Case Study: RU - sc-voice/ms-dpd GitHub Wiki
Практический пример: русский язык
Overview
The Digital Pali Dictionary (DPD) is the sole source for MS-DPD EN definitions. Indeed, the EN DPD definitions are the basis for other MS-DPD languages whose translations are in progress (DE, PT, ES, FR).
However, the DPD is itself also multilingual and provides data tables for other languages (Russian, Sinhala).
This document addresses change management and translation issues related to one of those languages (i.e., Russian) that may affect DPD or MS-DPD:
- What background knowledge do we need for this document?
- How do we get RU DPD definitions into MS-DPD?
- How do we update RU DPD when EN DPD definitions are updated or added?
- How do we update RU MS-DPD when EN DPD definitions are updated or added?
Background
Following is a brief summary of knowledge may help the reader.
Early Buddhist Texts (EBT)
SuttaCentral.net bases its aligned translations on the Early Buddhist Texts (EBTs) found in the Mahāsańghīti. The term "aligned" refers to the process of aligning Pali documents using "segment identifiers" to distinguish translatable semantic units of text. For example, we have the segment identifier "mn8:1.1", which aligns all translations across multiple languages:
scid: mn8:1.1
pli: Evaṁ me sutaṁ—
ref: So habe ich es gehört:
en: So I have heard.
SC-Voice.net
SC-Voice.net is a website that lets users read and hear suttas such as
Although originally developed for the sight-impaired, SC-Voice.net has become useful to the normally sighted as well, who find benefit in listening to the suttas in the manner with which they were originally spoken.
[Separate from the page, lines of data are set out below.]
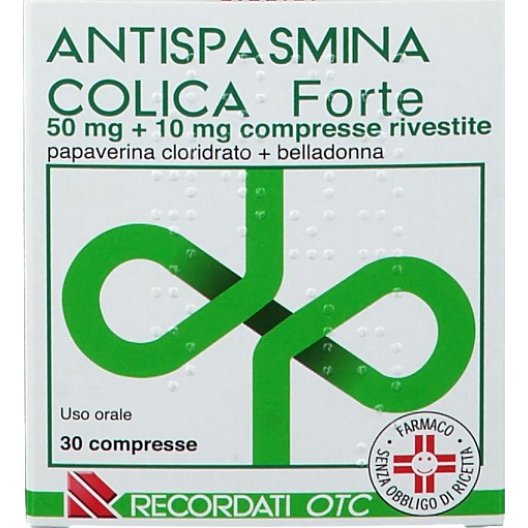 Antispasmina Colica Forte - 30 compresse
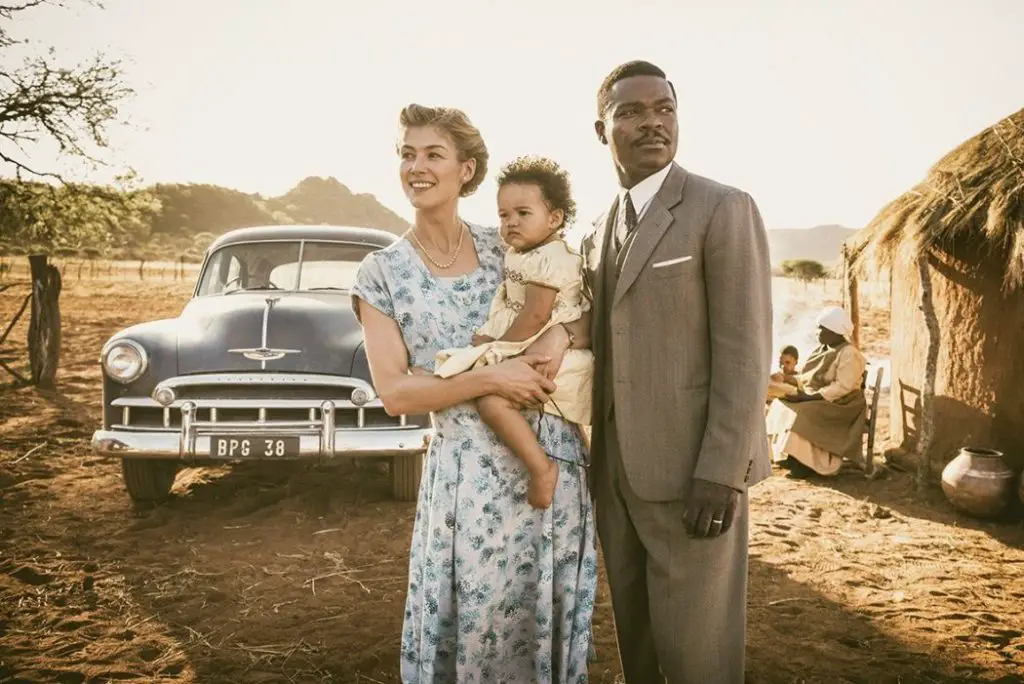 Movies Opening On Cinemas On February 10 - A UNITED KINGDOM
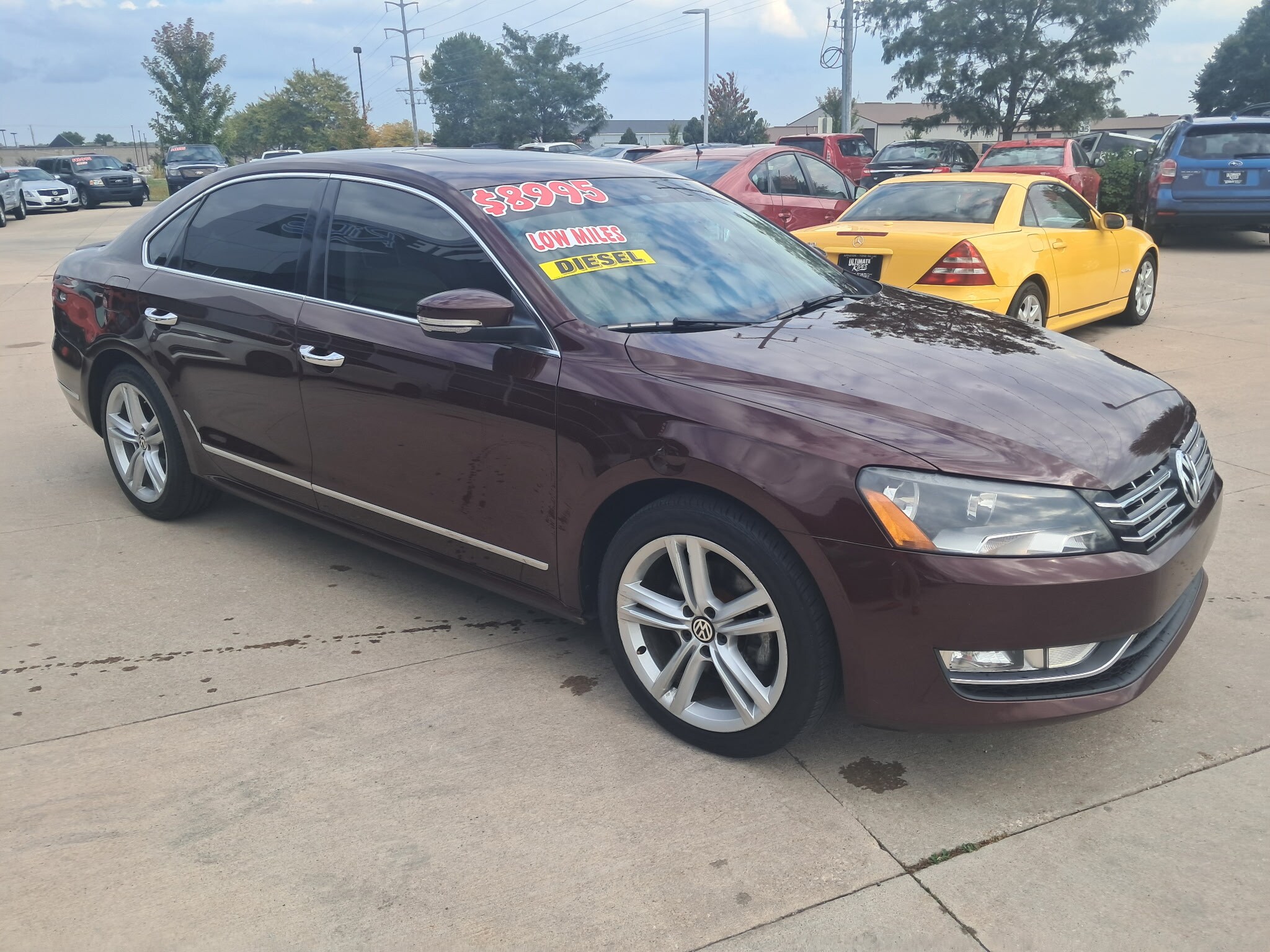 2014 Volkswagen Passat TDI SEL Premium photo 3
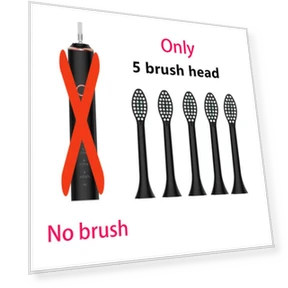 Electric Toothbrush with USB Fast Charging — Chargers, Light makeup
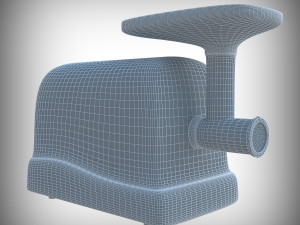 mincing machine 3D 모델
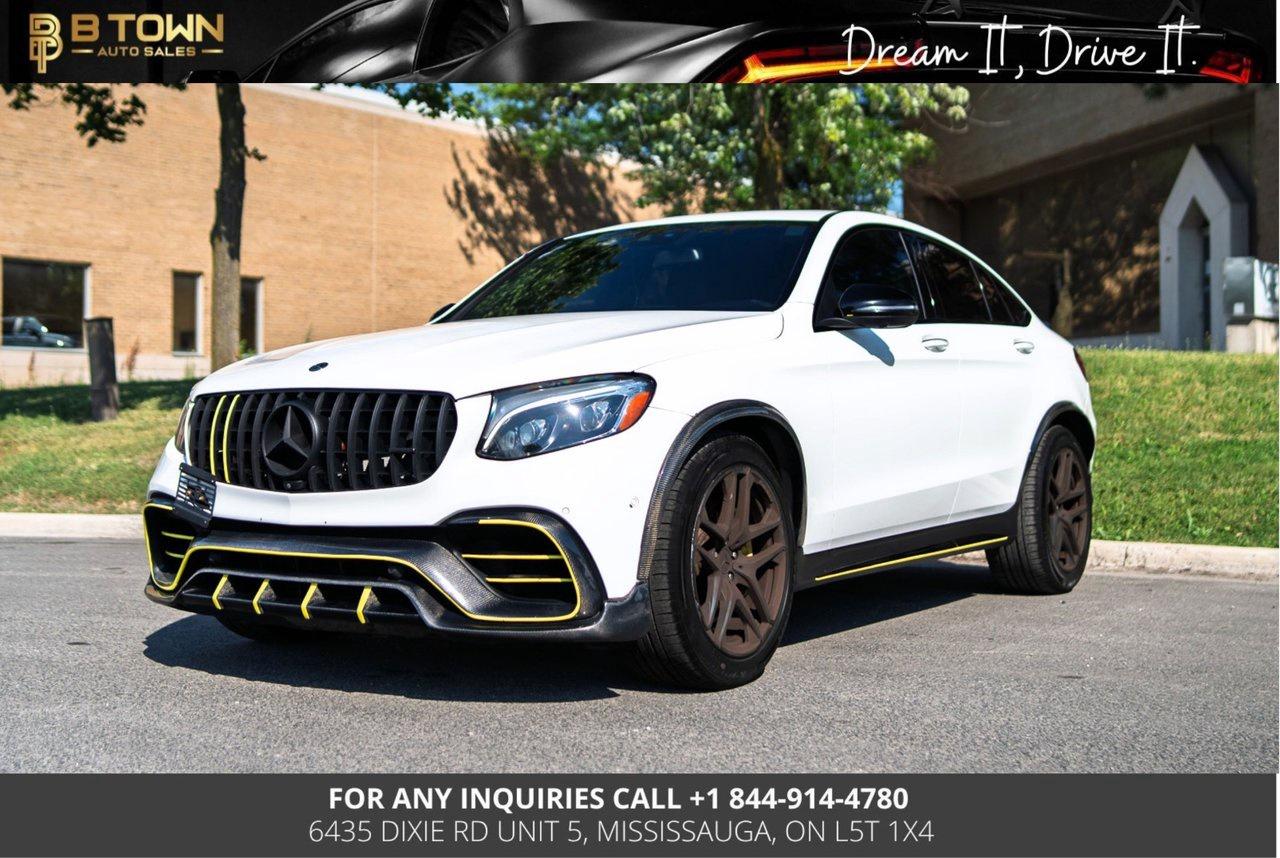 2019 Mercedes-Benz GLC AMG GLC 63 S Photo0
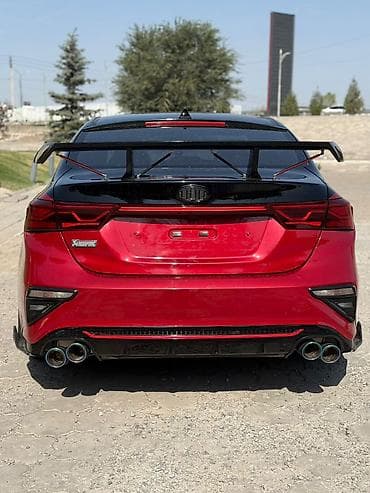 k3 2020: Kia K3: 2019 г., 1.6 л, Автомат, Бензин, Седан — 9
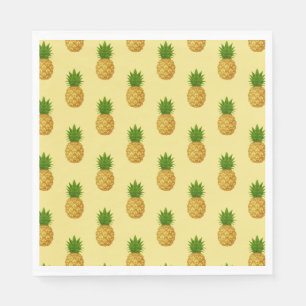Paper Napkins-Pineapples Napkins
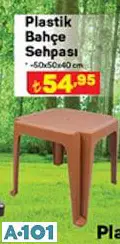 PLASTİK BAHÇE SEHPASI PLASTİK BAHÇE SEHPASI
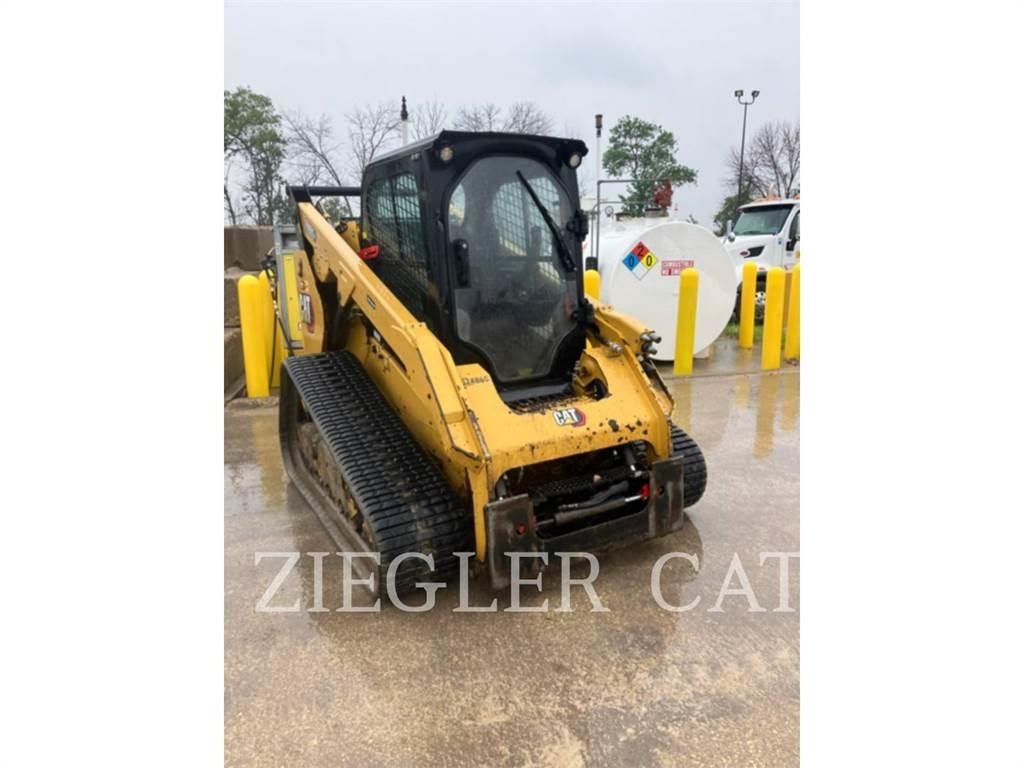CAT 299D3XE Гусеничні вантажники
SC-Voice.net is multilingual and aligned, but others have benefited from using SC-Voice.net technology dedicated to particular languages:
- (DE) https://dhammaregen.net
- (FR) https://fr.sc-voice.net
- (ES, PT websites planned)
MS-DPD
MS-DPD is a Javascript library developed for hosting DPD and its translations within SC-Voice.net. MS-DPD does not include the full DPD and is designed for web use as a library:
Application | Lookup words | Definition Headwords | Data MB |
---|---|---|---|
DPD | 1264999 | 80303 | 2027.88 |
MS-DPD | 131735 | 61394 | 22.99 |
MS-DPD language specific data for each language is dynamically imported on demand and is about 3-4MB. MS-DPD is available in npm as multiple packages:
- @sc-voice/[email protected] (Pali lookup and general code)
- @sc-voice/[email protected] (language specific library)
- @sc-voice/[email protected] (language specific library)
- @sc-voice/[email protected] (language specific library)
- @sc-voice/[email protected] (language specific library)
- @sc-voice/[email protected] (language specific library)
- @sc-voice/[email protected] (language specific library)
DPD Database
MS-DPD uses the DPD SQLite database as the exclusive source for DPD information. The tables currently used by MS-DPD comprise:
- lookup
- dpd_headwords
- inflection_templates
- (other tables may be included as needed)
DPD stores definition translations in other tables with similar but not identical schemas.
For this document, we will focus on the RU translations.
DPD stores Russian translations in a separate table tied to dpd_headwords
:
CREATE TABLE russian (
id INTEGER NOT NULL,
ru_meaning VARCHAR NOT NULL,
ru_meaning_raw VARCHAR NOT NULL,
ru_meaning_lit VARCHAR NOT NULL,
ru_notes VARCHAR NOT NULL,
PRIMARY KEY (id),
FOREIGN KEY(id) REFERENCES dpd_headwords (id)
);
To illustrate, let us examine the first definition for "dhamma". For EN, we have:
> select id, meaning_1, meaning_2, meaning_lit from dpd_headwords where id = 34626
id|meaning_1|meaning_2|meaning_lit
34626|nature; character|nature|
And for RU, we have:
> select id, ru_meaning, ru_meaning_raw, ru_meaning_lit, ru_notes from russian where id = 34626
id|ru_meaning|ru_meaning_raw|ru_meaning_lit|ru_notes
34626|характер; качество; природа|||
From DeepL, we have the round-trip translation of RU ⇒ EN (note the subtle differences):
character; quality; nature|||
Importing RU for MS-DPD
Importing RU for the MS-DPD is straightforward and is handled by the build-dpd
script that is executed with each DPD update.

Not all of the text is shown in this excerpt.